Even worse are the trends in treating women's medical complaints which follow fad rather than proper medical studies, not to mention a general tendency to assume that everything that goes wrong with a woman's body is connected to her reproductive system. (There is another book that's got a lot of press recently about how the whole 'scientific proof' of women being programmed by evolution to be gatherers while men are programmed to be hunters, along with all other supposedly gender-based scientific differences, being absolute tosh, but this book foreshadows that point.)
One issue I should raise is that Ehrenreich and English are only interested in American women in their time period. Which is fair enough - the social pressures forming women at this period are completely different in America than they are in the UK. However, it seems only fair to mention that the book focuses on the one specific country, although it does a reasonably good job of dealing with class and racial differences instead of discussing the monolith of 'woman'.
I am hoping that most of my female readers already bring a healthy dose of scepticism with them whenever they read that something has been 'scientifically proven' to be good for you or bad for you or the next best way to parent or... well, anything that's sold to you, as a woman, from an Expert whose sole authority lies in their Expertness. That said, if you are interested in the history of Things Told To Women By Experts and how contradictory the shifting narratives are, this is a well-written and informative book to read.

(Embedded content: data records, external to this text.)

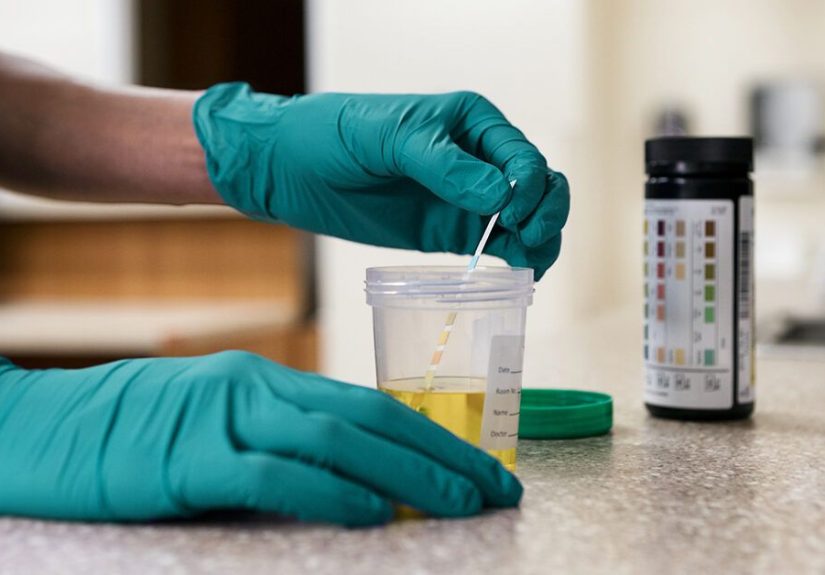 Trace Ketones in Your Urine: Causes, When to Be Concerned, and More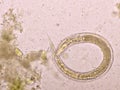 Strongyloides stercoralis or threadworm in human stool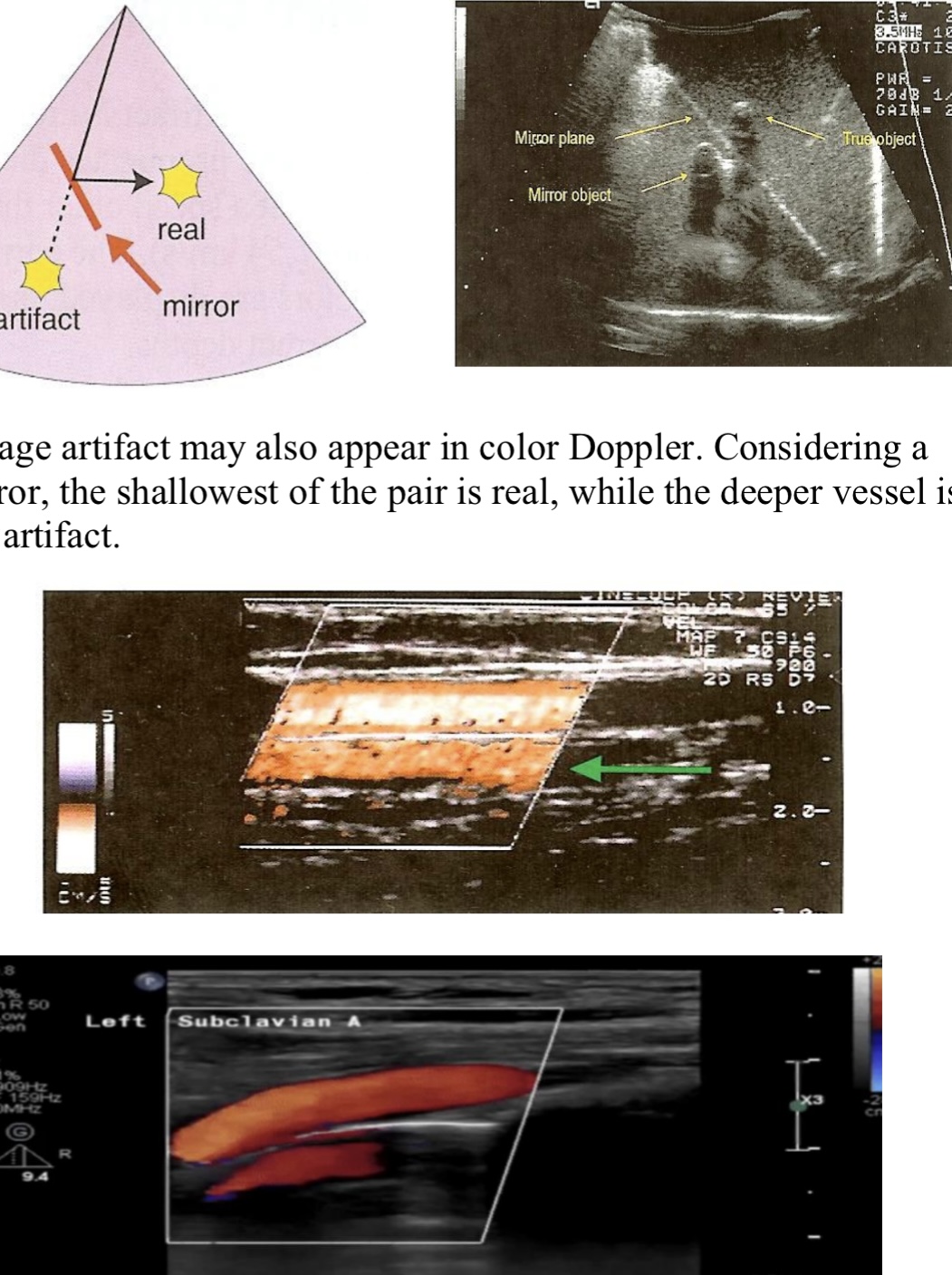 <p>When sound reflects off a strong reflector, which acts like a mirror, a mirror image artifact is created → the sound is redirected towards a second structure, this redirection causes a replica or second copy, which is the mirror image</p><ul><li><p>artifact is placed deeper than the real anatomic structure, &amp; always located along a straight line between the transducer &amp; the artifact</p></li><li><p>Artifact may appear in Color doppler</p></li></ul>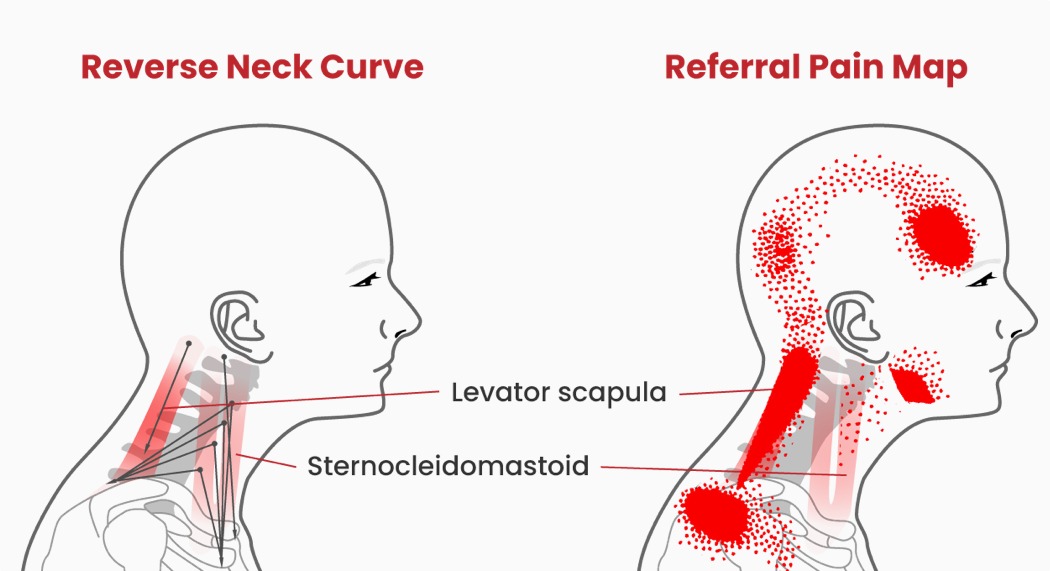 Home furniture，pillow，C-Rest，Ergonomics，cervical vertebra，comfortable，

Through the Brick Wall: How to Job-Hunt in a Tight Market – Kate Wendleton
This was recommended by the authors of So What Are You Going To Do With That? as being a Useful Book. In some ways, it was a useful book. The main point of it is that One Never Gives Up - No is never No, you just keep going. In some ways, it's trying to be an updated What Colour Is Your Parachute? for the 1990s, and as such I have to say that I disliked some of the very pushy, authoritative, and frankly occasionally rather amoral advice given. (Alright, the advice itself was often fine, but the tone grated.)
It did give me a new perspective on material I'd read in other books, particularly in terms of how to efficiently prepare for your job search, manage your research, really work out what it is you're after. Even though I didn't follow up some of the exercises here in quite the same way I have from Parachute, I still found things sticking and bubbling away as I was reading, which I found helpful in clarifying some issues. However, this book is also written essentially as the 'take away' manual from something called the The Five O'Clock Club, which Wendleton founded. It's a job hunting support group, which seeks to provide support to job hunters as well as useful strategies for them to use. The original New York group seems to have been aimed mainly at business executives or people interested in sales (i.e. not my profile), and a lot of the book is very targeted at that audience.
Also - very American. I am not sure it would transfer as well as Parachute to a UK readership, so probably best not to try. Even for an American reader, I suspect that some of the stuff here is very dated (no reference to e-mail, for instance), and it's much more of a book from which to pick and choose what's helpful for you. So worth mining, but only after you've read some other things first and know which gaps this will helpfully fill.